Officials from the United States, Egypt, Israel and Qatar met in Cairo on Tuesday to try to forge another truce in Gaza.

Saudi Arabia, which in recent years has flirted with normalizing relations with Israel, warned of “very serious repercussions.”

Some of the harshest criticism came from Josep Borrell, the European Union's top diplomat, who said countries like the United States should take concrete steps to mitigate Israel's military response.

“If you think too many people are being killed, maybe you should provide fewer weapons to prevent so many people from being killed,” he said at a news conference in Brussels on Monday.

Hamas, meanwhile, said an offensive on Rafah would paralyze any negotiations over the hostages.

A ground incursion would be “catastrophic” for humanitarian deliveries in the Strip, said an international aid logistics worker who spoke on condition of anonymity because he was not authorized to comment.

The area around Rafah, including the Gaza-Egypt crossing and the Kerem Shalom crossing between Gaza and Israel, are the main routes for aid delivery.

“An attack would essentially put an end to all of that, without guidance on alternative entry points,” the aid worker said, adding that most entities organized their supply chains from Egypt, but those arriving from Jordan would also be affected. .

Gazans who sought to escape the violence in Rafah are now wondering if they should flee once again, and if so, where to?

“I left my home in northern Gaza more than three and a half months ago and I have yet to find a single square centimeter in Gaza where it is safe,” said Ziyad al Najjar, 63, who was dismantling his tent and preparing to move his 16 relatives to be closer to relatives in the Zawaydeh neighborhood.

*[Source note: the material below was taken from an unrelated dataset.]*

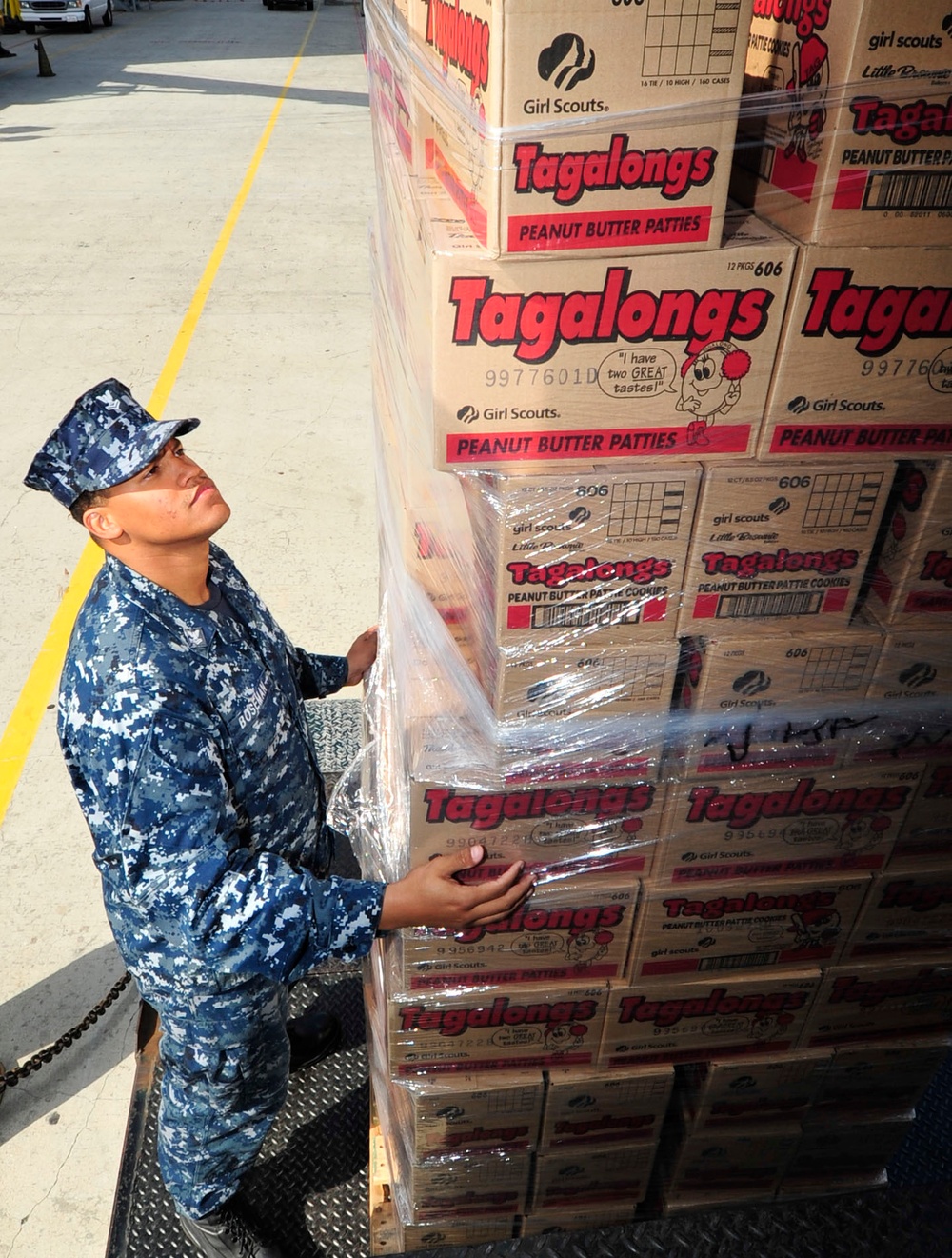 Operation Thin Mint in San Diego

A Palestinian woman walks past the destruction caused by Israeli bombing.

A Palestinian woman walks past the destruction caused by the Israeli bombing of the Gaza Strip in Rafah on Monday.

(Hatem Ali / Associated Press)

Nearby, Zuhair Khalaf, a retired Rafah civil servant, was also thinking about leaving the city. He has been listening to Israeli military officials on various radio stations to determine the safest destination.

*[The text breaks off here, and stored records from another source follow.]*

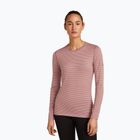 Icebreaker donna manica lunga termica 200 Oasis Crewe summit/blush/s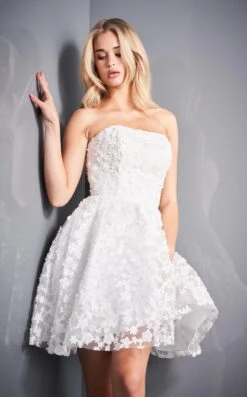 Jovani 02564 Dress -Clothing Shop 02564 White 1 975535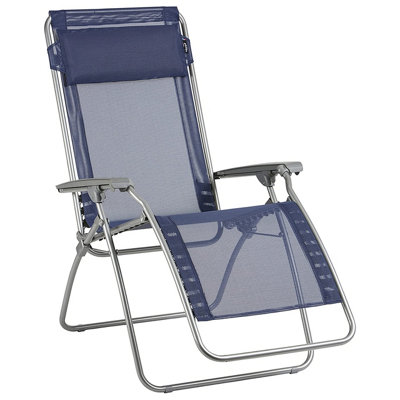 Zero gravity deals chair navy blue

But neither option seemed good: I had heard military officials on Israeli radio say that northern Rafah should be safe. But that's just south of Khan Yunis, she said, where there is now massive fighting, so how could I go there?

Meanwhile, the western part of Rafah was filled with people from northern Gaza. Fleeing eastward was impossible; that would take them to open fields near the border with Israel, where there would be no protection from airstrikes.

Palestinians mourn child killed in Israeli bombing of Gaza Strip

Palestinians mourn the death of a child in the Israeli bombing of the Gaza Strip at a Rafah hospital morgue on Monday.

(Hatem Ali / Associated Press)

After watching Monday's bombing stop short of her family's home, Ashour said the most she could hope for was that the Israeli military would drop leaflets before the attack hit her, instructing civilians on how to get away. of the fighting.

“We're waiting for them to do it,” he said. “We just hope there isn't a tank in front of our door tomorrow morning.”

The Times' special correspondent in Gaza cannot be identified for security reasons. Editor Bulos reported from Beirut.